The parents, grandparents, cousins and widow of nine of the 12 people killed released a letter Wednesday sent to the theater's owner, Cinemark.

In the letter to Cinemark, victims' family members write, "Our family members will never be on this earth with us again and a movie ticket and some token words from people who didn't care enough to reach out to us, nor respond when we reached out to them to talk, is appalling."

The Plano, Texas-based company has been renovating the Aurora theater and plans to re-open it Jan. 17.

The company had no immediate comment. The families said they were invited to an "evening of remembrance" followed by a movie.

Governor John Hickenlooper and Aurora Mayor Steve Hognan are expected to attend the re-opening ceremony.

An unknown number of families also said they planned to attend.

The Colorado Organization for Victim Assistance (COVA) helped Cinemark distribute the invitation.Reached by phone Wednesday, COVA Executive Director Nancy Lewis had no comment.

They said the company's timing was "awful" in sending the invitations two days after Christmas.

"It's a blatant lack of respect, especially for the families who are grieving over the holidays," said Jessica Watts, cousin of Jonathan Blunk, who was killed in the shooting. "With the preliminary hearing coming up, we're going to see what happened to our loved ones. January will be a very traumatic time for each person affected in that theater."

Watts' cousin would have turned 27 on the same weekend the theater is re-opening, six months after the massacre.

She says Cinemark's invitation only adds to their pain.

"They're looking to boost their own ticket sales at the expense of 12 families who are heartbroken at a loss," Watts said.

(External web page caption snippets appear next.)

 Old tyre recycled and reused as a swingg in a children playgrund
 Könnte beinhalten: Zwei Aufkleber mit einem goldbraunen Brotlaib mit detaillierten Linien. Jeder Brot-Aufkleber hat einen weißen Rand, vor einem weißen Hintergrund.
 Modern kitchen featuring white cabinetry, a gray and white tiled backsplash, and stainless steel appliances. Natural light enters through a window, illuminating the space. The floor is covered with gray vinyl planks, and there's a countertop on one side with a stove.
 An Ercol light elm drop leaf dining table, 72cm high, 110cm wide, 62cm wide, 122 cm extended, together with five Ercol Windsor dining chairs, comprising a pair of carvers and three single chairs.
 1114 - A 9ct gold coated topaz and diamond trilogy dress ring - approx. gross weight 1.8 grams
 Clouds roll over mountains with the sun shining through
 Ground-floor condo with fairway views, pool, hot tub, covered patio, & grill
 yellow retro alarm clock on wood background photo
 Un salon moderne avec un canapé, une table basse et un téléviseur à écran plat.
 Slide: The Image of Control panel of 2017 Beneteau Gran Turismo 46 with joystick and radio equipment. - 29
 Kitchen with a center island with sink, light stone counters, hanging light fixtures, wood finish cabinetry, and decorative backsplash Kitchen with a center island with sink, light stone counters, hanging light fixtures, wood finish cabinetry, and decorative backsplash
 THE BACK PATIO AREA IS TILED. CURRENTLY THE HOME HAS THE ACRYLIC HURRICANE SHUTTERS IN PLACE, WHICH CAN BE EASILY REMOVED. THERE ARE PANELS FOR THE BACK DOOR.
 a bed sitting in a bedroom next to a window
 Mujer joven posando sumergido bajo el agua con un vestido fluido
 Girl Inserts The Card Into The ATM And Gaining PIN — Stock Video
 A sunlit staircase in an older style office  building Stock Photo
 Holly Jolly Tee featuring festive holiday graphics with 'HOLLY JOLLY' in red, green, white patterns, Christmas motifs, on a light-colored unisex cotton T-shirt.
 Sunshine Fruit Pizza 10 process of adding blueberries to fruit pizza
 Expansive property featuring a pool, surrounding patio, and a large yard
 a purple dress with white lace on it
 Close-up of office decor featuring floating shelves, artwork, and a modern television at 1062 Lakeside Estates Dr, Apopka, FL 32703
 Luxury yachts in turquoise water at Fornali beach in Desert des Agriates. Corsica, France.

Aurora Mayor Steve Hogan released the following statement Wednesday evening:

"The process of grieving and healing is long, painful and difficult. As we take steps to heal and move forward as a community, I expect people will experience a range of emotions. For some, the reopening of the theater might be painful, and for others, healing. That is why it is important for the victims and their families to have a choice whether or not they want to attend the reopening."